Given the recent Curiosity rover sent to Mars, you might wonder why we need to do more missions to Mars. What else can we learn? Well, a lot, as it turns out. Probing below the red giant’s surface will give us insight (sorry, NASA naming makes punning so easy!) into Mar’s history and in the process likely shed light on our own Earth’s formation as well. Mars is actually more similar to the Earth than you’d think—despite its size and much lighter composition, it would have undergone the same processes as the Earth did during its evolution, such as separation of the crust, mantle and core. But, why bother going to Mars? Surely we have easily accessible information on these processes closer to home, by studying Earth? Mars, however, has been much less geologically active than Earth over its history, so it preserves a more legible and complete record of these formative processes than Earth does.
Let me offer a little more detail on the kind of processes that Mars will tell us about. All terrestrial planets have similar structures, with three parts: a core, a mantle, and a crust. These planets got to be this way through melting and differentiation, both processes that we don’t know much about at present. Differentiation is when the molten outer portions of a planet cool and crystallize, with lighter minerals rising to the surface and heavier minerals sinking to produce the mantle. The heaviest elements present, iron and nickel, sink to form a metallic core—incidentally, it is this that is thought to be responsible for the Earth’s magnetic field. Many properties of a planet today, such as composition of surface rocks, level of volcanic activity, and presence or absence of a magnetic field, depend on the early evolutionary history of these processes. Insight will study things like crust thickness, core size and density, and mantle density and stratification today to determine what this history was.

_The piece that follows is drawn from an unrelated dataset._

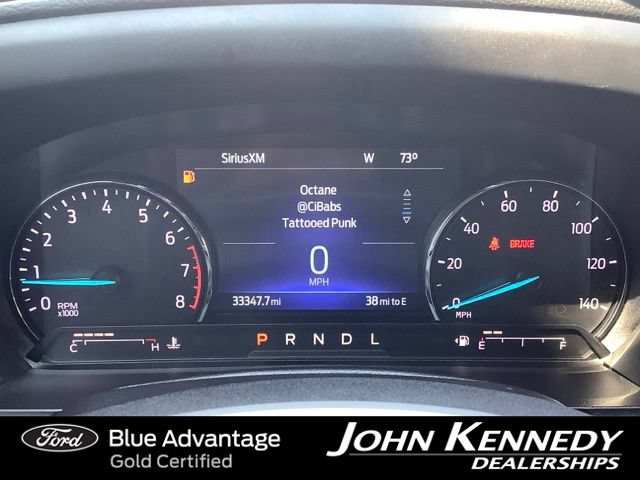Certified 2023 Ford Explorer XLT AWD/4WD image 13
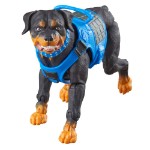 G.I. Joe - Classified Series #220 - Mad Marauders Footloose, Mutt, & Junkyard Action Figures & Dog - Packshot 5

The mission will be short but sweet, launching in March 2016, landing in September with first results in October, and remaining active until September 2018. How long is that? 720 days, but, if you want to sound really in the know, don’t say that. Say 700 sols, which is the mission’s length in Martian days. Each sol is 37 minutes and 22 seconds longer than an Earth day, and there are 668 of them in a Martian year. So, next time someone asks how long it will take to finish your PhD, impress them by saying it will only take 2 or so Martian years! Of course, time ticks faster on Mars because it is not as deep in the gravitational potential well of the Sun as is Earth, but then, Earth is traveling faster around the Sun than Mars, so Special Relativity will produce some time dilation with the opposite sign. But, if the person who asked about your PhD points this out, you might be dealing with someone who will be perfectly unphased by a completion time quoted in sols!